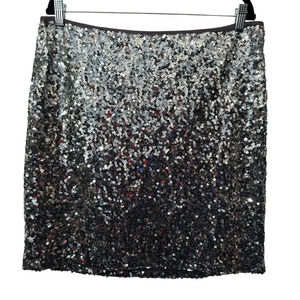 NWT White House Black Market Silver Sequin Mini Skirt size 14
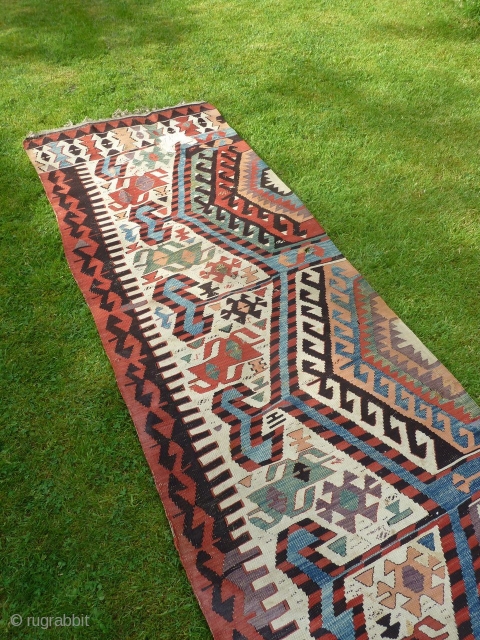 Fabulous central anatolian kilim, lovely colours including nice aubergine, good condition in general but one 'indigenous' repaired hole, with this type one half is often more beautiful than the complete piece (hang  ...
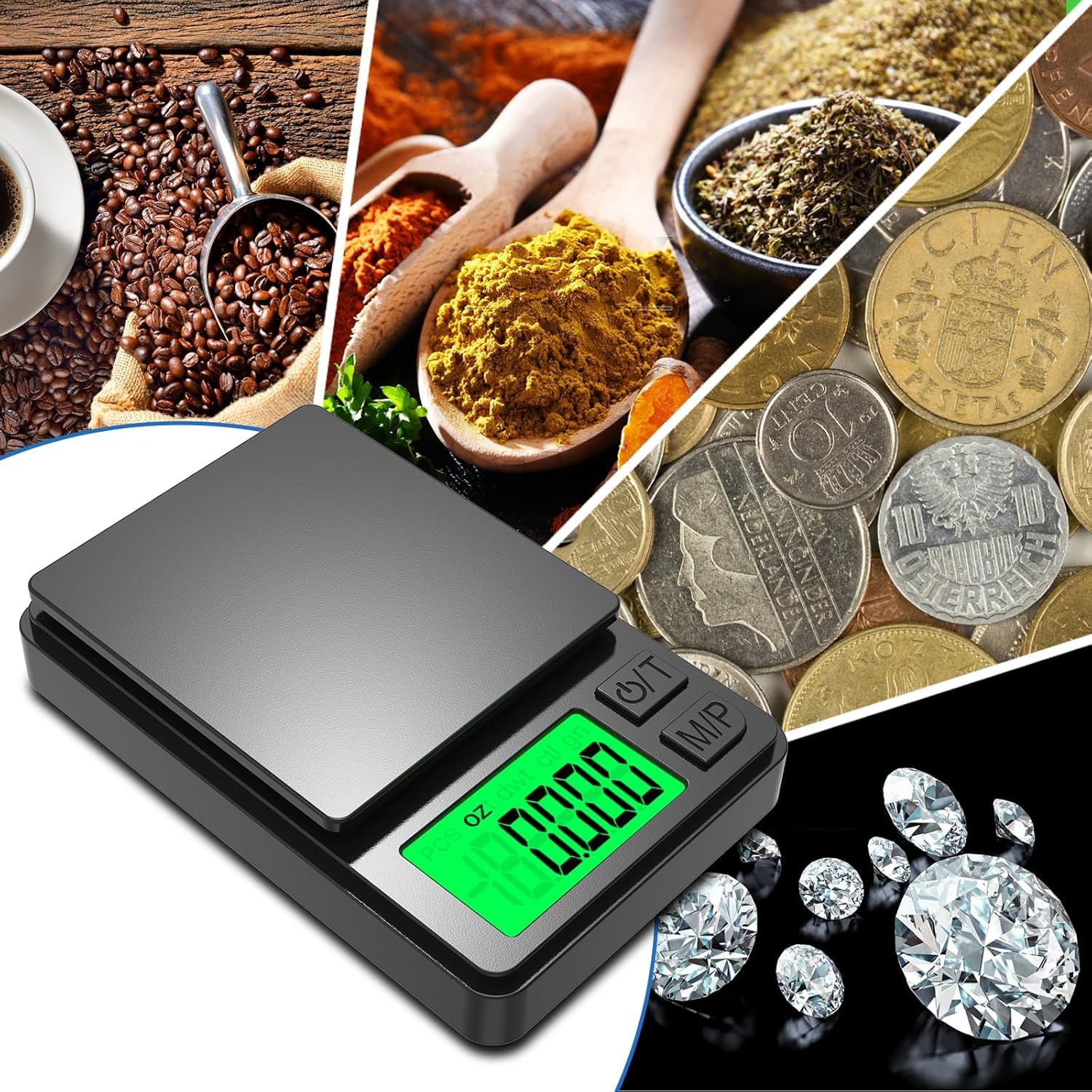 Portable precision gram scale with protective case, LCD display, and 7 measuring units. Suitable for grains, kitchen use, coffee making, etc.
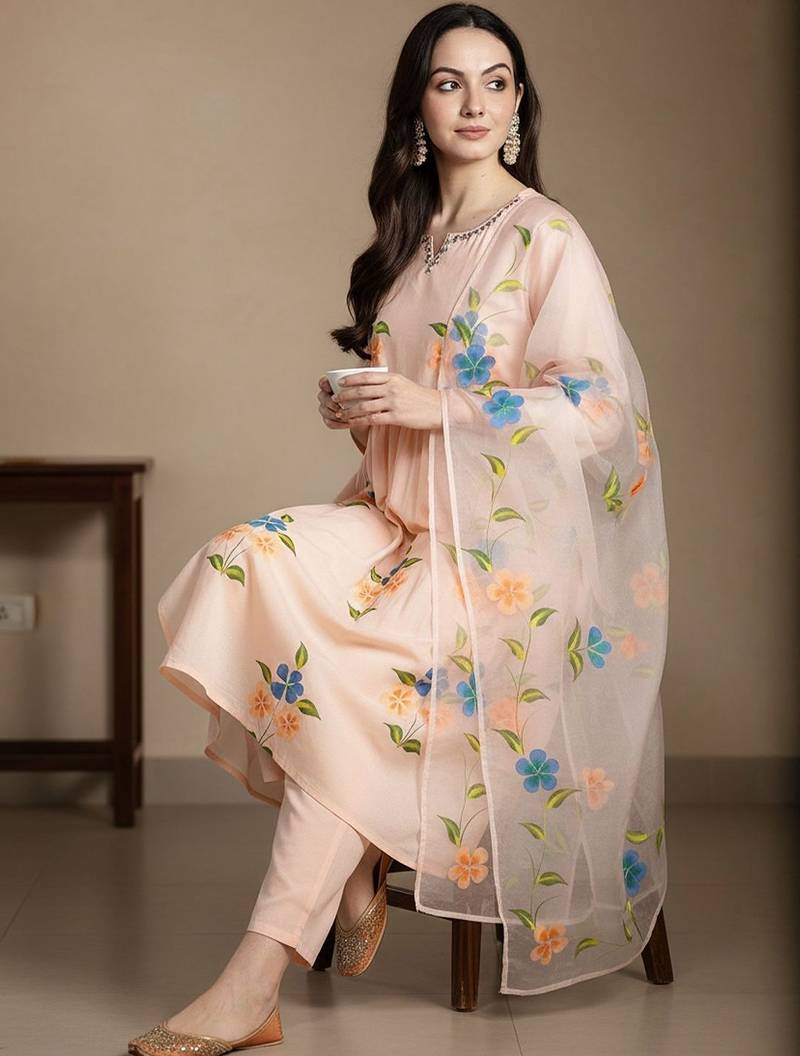 Floral Printed V-Neck Empire Pure Cotton A-Line Kurta With Trousers & Dupatta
# # # # # # #
What the exercise asks:
Retype the data above in full, exactly as it stands, and skip any image.

Result for this exercise:
 NWT White House Black Market Silver Sequin Mini Skirt size 14
 Fabulous central anatolian kilim, lovely colours including nice aubergine, good condition in general but one 'indigenous' repaired hole, with this type one half is often more beautiful than the complete piece (hang  ...
 Portable precision gram scale with protective case, LCD display, and 7 measuring units. Suitable for grains, kitchen use, coffee making, etc.
 Floral Printed V-Neck Empire Pure Cotton A-Line Kurta With Trousers & Dupatta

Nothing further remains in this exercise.